## Records drawn from a dataset

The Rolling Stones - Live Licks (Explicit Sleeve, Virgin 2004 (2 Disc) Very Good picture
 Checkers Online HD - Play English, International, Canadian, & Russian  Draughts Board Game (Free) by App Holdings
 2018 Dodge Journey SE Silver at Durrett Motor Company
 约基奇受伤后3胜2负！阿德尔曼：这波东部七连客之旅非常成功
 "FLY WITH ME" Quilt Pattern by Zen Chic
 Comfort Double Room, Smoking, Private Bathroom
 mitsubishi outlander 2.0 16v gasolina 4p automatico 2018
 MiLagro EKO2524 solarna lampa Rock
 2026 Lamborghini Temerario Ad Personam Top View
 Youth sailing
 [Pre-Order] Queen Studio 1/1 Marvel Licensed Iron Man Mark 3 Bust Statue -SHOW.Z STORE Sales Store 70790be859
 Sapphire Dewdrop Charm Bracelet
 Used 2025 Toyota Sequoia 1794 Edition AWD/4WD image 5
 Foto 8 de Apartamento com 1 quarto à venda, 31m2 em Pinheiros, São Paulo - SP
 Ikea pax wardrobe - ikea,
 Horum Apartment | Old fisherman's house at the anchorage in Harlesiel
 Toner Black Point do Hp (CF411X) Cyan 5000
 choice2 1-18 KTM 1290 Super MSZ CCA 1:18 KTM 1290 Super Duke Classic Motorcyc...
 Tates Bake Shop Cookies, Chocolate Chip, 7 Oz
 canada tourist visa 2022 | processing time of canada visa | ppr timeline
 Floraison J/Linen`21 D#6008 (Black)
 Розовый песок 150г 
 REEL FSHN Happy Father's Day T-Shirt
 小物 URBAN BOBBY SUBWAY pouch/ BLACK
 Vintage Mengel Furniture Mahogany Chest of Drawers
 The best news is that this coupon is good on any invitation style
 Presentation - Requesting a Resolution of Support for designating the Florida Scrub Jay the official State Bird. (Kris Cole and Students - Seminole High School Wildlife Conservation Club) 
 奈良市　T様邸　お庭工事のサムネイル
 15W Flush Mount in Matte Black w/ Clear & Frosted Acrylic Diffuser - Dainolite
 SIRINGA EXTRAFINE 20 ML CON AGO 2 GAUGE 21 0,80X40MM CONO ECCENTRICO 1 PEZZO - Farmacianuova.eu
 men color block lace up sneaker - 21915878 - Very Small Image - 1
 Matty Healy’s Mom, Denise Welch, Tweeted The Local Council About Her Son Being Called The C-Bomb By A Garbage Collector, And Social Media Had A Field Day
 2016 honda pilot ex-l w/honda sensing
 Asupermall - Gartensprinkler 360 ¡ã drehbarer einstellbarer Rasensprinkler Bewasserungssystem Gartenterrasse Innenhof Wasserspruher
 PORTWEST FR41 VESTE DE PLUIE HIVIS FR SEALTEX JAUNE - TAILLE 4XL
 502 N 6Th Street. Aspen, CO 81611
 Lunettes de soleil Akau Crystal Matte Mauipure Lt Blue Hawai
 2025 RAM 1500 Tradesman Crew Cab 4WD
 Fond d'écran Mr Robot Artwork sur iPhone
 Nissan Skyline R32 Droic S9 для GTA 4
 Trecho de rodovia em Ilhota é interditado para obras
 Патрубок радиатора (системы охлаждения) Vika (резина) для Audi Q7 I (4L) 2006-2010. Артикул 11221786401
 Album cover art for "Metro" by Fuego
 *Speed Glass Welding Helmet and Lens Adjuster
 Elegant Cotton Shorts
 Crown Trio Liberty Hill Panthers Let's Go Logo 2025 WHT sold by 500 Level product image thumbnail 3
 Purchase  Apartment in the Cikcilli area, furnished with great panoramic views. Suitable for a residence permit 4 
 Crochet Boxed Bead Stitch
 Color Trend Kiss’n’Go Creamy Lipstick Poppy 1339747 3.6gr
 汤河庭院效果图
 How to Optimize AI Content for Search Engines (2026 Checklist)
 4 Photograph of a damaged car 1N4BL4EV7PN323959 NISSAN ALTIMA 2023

## TASK REQUIREMENTS
When you reach this point, go back and write out each record above exactly.

## PROBLEM SOLUTION
The Rolling Stones - Live Licks (Explicit Sleeve, Virgin 2004 (2 Disc) Very Good picture
 Checkers Online HD - Play English, International, Canadian, & Russian  Draughts Board Game (Free) by App Holdings
 2018 Dodge Journey SE Silver at Durrett Motor Company
 约基奇受伤后3胜2负！阿德尔曼：这波东部七连客之旅非常成功
 "FLY WITH ME" Quilt Pattern by Zen Chic
 Comfort Double Room, Smoking, Private Bathroom
 mitsubishi outlander 2.0 16v gasolina 4p automatico 2018
 MiLagro EKO2524 solarna lampa Rock
 2026 Lamborghini Temerario Ad Personam Top View
 Youth sailing
 [Pre-Order] Queen Studio 1/1 Marvel Licensed Iron Man Mark 3 Bust Statue -SHOW.Z STORE Sales Store 70790be859
 Sapphire Dewdrop Charm Bracelet
 Used 2025 Toyota Sequoia 1794 Edition AWD/4WD image 5
 Foto 8 de Apartamento com 1 quarto à venda, 31m2 em Pinheiros, São Paulo - SP
 Ikea pax wardrobe - ikea,
 Horum Apartment | Old fisherman's house at the anchorage in Harlesiel
 Toner Black Point do Hp (CF411X) Cyan 5000
 choice2 1-18 KTM 1290 Super MSZ CCA 1:18 KTM 1290 Super Duke Classic Motorcyc...
 Tates Bake Shop Cookies, Chocolate Chip, 7 Oz
 canada tourist visa 2022 | processing time of canada visa | ppr timeline
 Floraison J/Linen`21 D#6008 (Black)
 Розовый песок 150г 
 REEL FSHN Happy Father's Day T-Shirt
 小物 URBAN BOBBY SUBWAY pouch/ BLACK
 Vintage Mengel Furniture Mahogany Chest of Drawers
 The best news is that this coupon is good on any invitation style
 Presentation - Requesting a Resolution of Support for designating the Florida Scrub Jay the official State Bird. (Kris Cole and Students - Seminole High School Wildlife Conservation Club) 
 奈良市　T様邸　お庭工事のサムネイル
 15W Flush Mount in Matte Black w/ Clear & Frosted Acrylic Diffuser - Dainolite
 SIRINGA EXTRAFINE 20 ML CON AGO 2 GAUGE 21 0,80X40MM CONO ECCENTRICO 1 PEZZO - Farmacianuova.eu
 men color block lace up sneaker - 21915878 - Very Small Image - 1
 Matty Healy’s Mom, Denise Welch, Tweeted The Local Council About Her Son Being Called The C-Bomb By A Garbage Collector, And Social Media Had A Field Day
 2016 honda pilot ex-l w/honda sensing
 Asupermall - Gartensprinkler 360 ¡ã drehbarer einstellbarer Rasensprinkler Bewasserungssystem Gartenterrasse Innenhof Wasserspruher
 PORTWEST FR41 VESTE DE PLUIE HIVIS FR SEALTEX JAUNE - TAILLE 4XL
 502 N 6Th Street. Aspen, CO 81611
 Lunettes de soleil Akau Crystal Matte Mauipure Lt Blue Hawai
 2025 RAM 1500 Tradesman Crew Cab 4WD
 Fond d'écran Mr Robot Artwork sur iPhone
 Nissan Skyline R32 Droic S9 для GTA 4
 Trecho de rodovia em Ilhota é interditado para obras
 Патрубок радиатора (системы охлаждения) Vika (резина) для Audi Q7 I (4L) 2006-2010. Артикул 11221786401
 Album cover art for "Metro" by Fuego
 *Speed Glass Welding Helmet and Lens Adjuster
 Elegant Cotton Shorts
 Crown Trio Liberty Hill Panthers Let's Go Logo 2025 WHT sold by 500 Level product image thumbnail 3
 Purchase  Apartment in the Cikcilli area, furnished with great panoramic views. Suitable for a residence permit 4 
 Crochet Boxed Bead Stitch
 Color Trend Kiss’n’Go Creamy Lipstick Poppy 1339747 3.6gr
 汤河庭院效果图
 How to Optimize AI Content for Search Engines (2026 Checklist)
 4 Photograph of a damaged car 1N4BL4EV7PN323959 NISSAN ALTIMA 2023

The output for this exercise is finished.